Il suo affetto e la sua attenzione per i preti giovani e inesperti, la sua insistenza sullo spirito mondano come peggior nemico, fecero sì che influenzasse tutto il clero piemontese, e non solo quello, perché il suo ministero raggiunse molte altre persone, suore e laici di ogni classe sociale. Il suo confessionale era molto frequentato: Giuseppe aveva il carisma di un'intuizione particolare nel rapporto con i penitenti. Quando la Compagnia di Gesù era stata soppressa, il santuario di S. Ignazio a Lanzo Torinese, sulle colline vicino alla capitale dei Savoia, era stato preso in carico dall'archidiocesi e don Guala era stato nominato amministratore. Alla morte di costui l'incarico passò al Cafasso, che continuò l'opera del suo predecessore, predicando ai pellegrini e dirigendo esercizi spirituali per clero e laici. Durante la sua amministrazione furono portati a termine i lavori, iniziati da don Guala, di ristrutturazione della foresteria e delle vie di accesso al santuario.
Di tutte le sue attività quella che più colpi l'opinione pubblica fu il suo ministero presso i carcerati: nelle prigioni, dove gli uomini vivevano in condizioni degradanti e disumane, don Cafasso visitava i carcerati, facendo sentire loro affetto e portandoli alla confessione; le esecuzioni erano ancora pubbliche ed egli accompagnò al patibolo oltre sessanta condannati, tra cui famosi briganti e rivoluzionari, che chiamava «santi impiccati». Giovanni Bosco lo incontrò per la prima volta una domenica nell'autunno del 1827, quando era ancora un ragazzo vivace mentre Giuseppe era già sacerdote, e tornato a casa annunciò: «L'ho visto!
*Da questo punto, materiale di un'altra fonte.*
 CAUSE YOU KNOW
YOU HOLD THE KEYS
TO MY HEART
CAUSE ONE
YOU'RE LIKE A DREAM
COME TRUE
Gli ho parlato!». «Chi hai visto?» gli chiese la madre. «Giuseppe Cafasso, e ti assicuro che è un santo.» Quattordici anni dopo don Bosco, nella chiesa di S. Francesco a Torino, celebrava la sua prima Messa, entrando poi a far parte dell'istituto, studiando sotto la direzione del Cafasso, condividendo molti dei suoi ideali. Fu egli a introdurlo nell'universo dei quartieri poveri e delle carceri di Torino, aiutandolo a scoprire la sua vocazione di apostolo dei giovani. Giovanni Cagliero, salesiano, scrive: «Noi amiamo e riveriamo il nostro caro padre e fondatore don Bosco, non di meno amiamo Giuseppe Cafasso, per oltre vent'anni maestro, consigliere e guida, nelle vicende spirituali e nelle iniziative, di don Bosco; oso dire che la bontà, i risultati, la saggezza di don Bosco sono la gloria di don Cafasso. Fu grazie a lui che don Bosco si stabilì a Torino, che i giovani si riunirono nel primo oratorio salesiano; l'obbedienza, l'amore e la saggezza che ha insegnato hanno portato frutti in migliaia di giovani in Europa, Asia e Africa, ragazzi che oggi sono ben preparati per la vita nella Chiesa di Dio e nella società degli uomini».
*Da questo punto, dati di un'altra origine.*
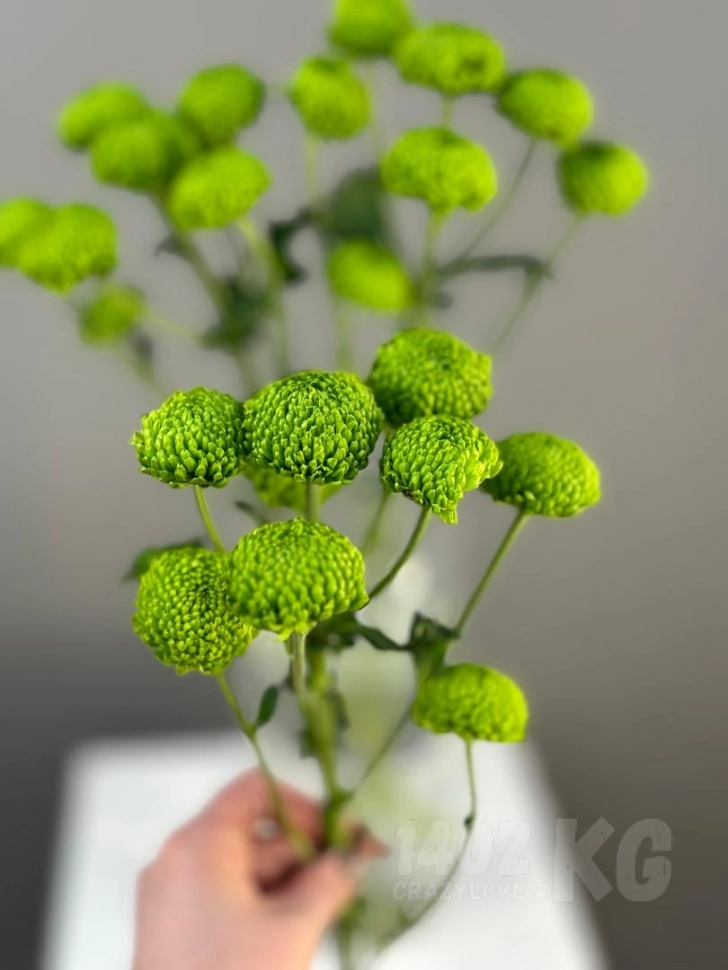 Хризантема Feeling Green (Зеленый) 1шт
L'insegnamento di don Cafasso influenzò anche altri, oltre a don Bosco: la marchesa Giulietta Falletti di Barolo, che fondò una dozzina di istituti di carità; don Giovanni Cocchi, fondatore di un istituto per artigiani e altre opere di carità a Torino; padre Domenico Sartoris, il fondatore delle Figlie di S. Chiara; il 13. Clemente Marchisio (20 set.), fondatore delle Figlie di S. Giuseppe, e molti altri fondatori di istituzioni caritative. Giuseppe Cafasso morì il 23 giugno 1860; don Bosco fece l'elogio al funerale e in seguito ne scrisse la biografia. Fu canonizzato da papa Pio XII nel 1947.
MARTIROLOGIO ROMANO. A Torino, san Giuseppe Cafasso, sacerdote, che si dedicò alla formazione spirituale e culturale dei futuri sacerdoti e a riconciliare a Dio i poveri carcerati e i condannati a morte.